**EXERCISE DESCRIPTION:**
Each entry that appears below should be restated word for word.

**RECORDS TO USE:**
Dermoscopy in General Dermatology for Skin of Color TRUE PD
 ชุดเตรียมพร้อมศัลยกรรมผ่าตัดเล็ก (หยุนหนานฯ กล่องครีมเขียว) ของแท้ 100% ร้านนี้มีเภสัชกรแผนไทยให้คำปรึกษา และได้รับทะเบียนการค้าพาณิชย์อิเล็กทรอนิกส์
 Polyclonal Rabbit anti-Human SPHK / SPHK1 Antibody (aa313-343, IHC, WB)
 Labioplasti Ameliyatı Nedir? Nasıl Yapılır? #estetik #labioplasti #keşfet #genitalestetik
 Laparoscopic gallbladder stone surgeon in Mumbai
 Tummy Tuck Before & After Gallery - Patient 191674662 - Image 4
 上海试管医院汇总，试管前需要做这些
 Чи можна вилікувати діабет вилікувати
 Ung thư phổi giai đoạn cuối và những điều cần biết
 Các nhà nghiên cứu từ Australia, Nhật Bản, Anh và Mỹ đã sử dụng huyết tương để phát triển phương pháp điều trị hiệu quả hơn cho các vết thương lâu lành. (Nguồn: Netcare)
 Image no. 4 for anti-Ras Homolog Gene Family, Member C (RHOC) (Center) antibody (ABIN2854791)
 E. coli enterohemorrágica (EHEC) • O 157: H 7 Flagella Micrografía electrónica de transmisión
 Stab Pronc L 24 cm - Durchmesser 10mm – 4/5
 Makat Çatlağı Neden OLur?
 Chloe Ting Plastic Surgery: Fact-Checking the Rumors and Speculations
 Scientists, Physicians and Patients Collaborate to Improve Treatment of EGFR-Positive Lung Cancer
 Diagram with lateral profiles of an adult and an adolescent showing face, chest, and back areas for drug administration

**EXERCISE OUTPUT:**
Dermoscopy in General Dermatology for Skin of Color TRUE PD
 ชุดเตรียมพร้อมศัลยกรรมผ่าตัดเล็ก (หยุนหนานฯ กล่องครีมเขียว) ของแท้ 100% ร้านนี้มีเภสัชกรแผนไทยให้คำปรึกษา และได้รับทะเบียนการค้าพาณิชย์อิเล็กทรอนิกส์
 Polyclonal Rabbit anti-Human SPHK / SPHK1 Antibody (aa313-343, IHC, WB)
 Labioplasti Ameliyatı Nedir? Nasıl Yapılır? #estetik #labioplasti #keşfet #genitalestetik
 Laparoscopic gallbladder stone surgeon in Mumbai
 Tummy Tuck Before & After Gallery - Patient 191674662 - Image 4
 上海试管医院汇总，试管前需要做这些
 Чи можна вилікувати діабет вилікувати
 Ung thư phổi giai đoạn cuối và những điều cần biết
 Các nhà nghiên cứu từ Australia, Nhật Bản, Anh và Mỹ đã sử dụng huyết tương để phát triển phương pháp điều trị hiệu quả hơn cho các vết thương lâu lành. (Nguồn: Netcare)
 Image no. 4 for anti-Ras Homolog Gene Family, Member C (RHOC) (Center) antibody (ABIN2854791)
 E. coli enterohemorrágica (EHEC) • O 157: H 7 Flagella Micrografía electrónica de transmisión
 Stab Pronc L 24 cm - Durchmesser 10mm – 4/5
 Makat Çatlağı Neden OLur?
 Chloe Ting Plastic Surgery: Fact-Checking the Rumors and Speculations
 Scientists, Physicians and Patients Collaborate to Improve Treatment of EGFR-Positive Lung Cancer
 Diagram with lateral profiles of an adult and an adolescent showing face, chest, and back areas for drug administration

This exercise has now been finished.